*Work instruction*: Each line from the one containing "Отель Cheetah Paw Eco Lodge, фото 16" through the end of the data is to be written out exactly, and nothing more.

(Extracted data Opens)

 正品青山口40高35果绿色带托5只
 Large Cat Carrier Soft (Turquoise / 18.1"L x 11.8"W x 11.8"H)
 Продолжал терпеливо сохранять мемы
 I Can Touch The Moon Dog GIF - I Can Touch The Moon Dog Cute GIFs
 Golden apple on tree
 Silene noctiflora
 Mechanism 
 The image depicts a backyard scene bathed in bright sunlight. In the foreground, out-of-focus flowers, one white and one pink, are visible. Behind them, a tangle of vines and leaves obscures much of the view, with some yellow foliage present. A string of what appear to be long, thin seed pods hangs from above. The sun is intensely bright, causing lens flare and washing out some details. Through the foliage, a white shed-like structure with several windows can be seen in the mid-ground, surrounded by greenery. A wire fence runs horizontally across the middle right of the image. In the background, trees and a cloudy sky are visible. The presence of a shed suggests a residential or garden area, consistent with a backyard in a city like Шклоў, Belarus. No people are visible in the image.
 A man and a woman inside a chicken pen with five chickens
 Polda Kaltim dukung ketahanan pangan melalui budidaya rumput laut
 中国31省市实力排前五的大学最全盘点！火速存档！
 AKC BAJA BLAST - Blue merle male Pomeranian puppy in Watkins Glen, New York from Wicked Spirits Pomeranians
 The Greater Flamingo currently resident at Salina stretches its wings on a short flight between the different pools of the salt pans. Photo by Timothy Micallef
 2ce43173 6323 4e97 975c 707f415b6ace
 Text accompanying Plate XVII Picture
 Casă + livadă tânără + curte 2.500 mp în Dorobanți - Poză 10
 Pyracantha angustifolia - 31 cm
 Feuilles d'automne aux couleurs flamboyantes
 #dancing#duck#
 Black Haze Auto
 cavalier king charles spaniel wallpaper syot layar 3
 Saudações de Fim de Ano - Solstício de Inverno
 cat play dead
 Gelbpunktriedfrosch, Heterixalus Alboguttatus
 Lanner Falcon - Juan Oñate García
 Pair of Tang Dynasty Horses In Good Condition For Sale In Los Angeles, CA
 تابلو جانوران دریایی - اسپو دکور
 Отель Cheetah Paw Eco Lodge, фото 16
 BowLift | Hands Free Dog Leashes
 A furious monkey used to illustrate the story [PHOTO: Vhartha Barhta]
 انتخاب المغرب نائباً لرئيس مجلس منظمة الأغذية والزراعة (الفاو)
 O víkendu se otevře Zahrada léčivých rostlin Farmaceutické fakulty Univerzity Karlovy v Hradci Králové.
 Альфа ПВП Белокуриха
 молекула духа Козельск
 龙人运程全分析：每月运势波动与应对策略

(Extracted data Closes)

*Answer for the task*:
 Отель Cheetah Paw Eco Lodge, фото 16
 BowLift | Hands Free Dog Leashes
 A furious monkey used to illustrate the story [PHOTO: Vhartha Barhta]
 انتخاب المغرب نائباً لرئيس مجلس منظمة الأغذية والزراعة (الفاو)
 O víkendu se otevře Zahrada léčivých rostlin Farmaceutické fakulty Univerzity Karlovy v Hradci Králové.
 Альфа ПВП Белокуриха
 молекула духа Козельск
 龙人运程全分析：每月运势波动与应对策略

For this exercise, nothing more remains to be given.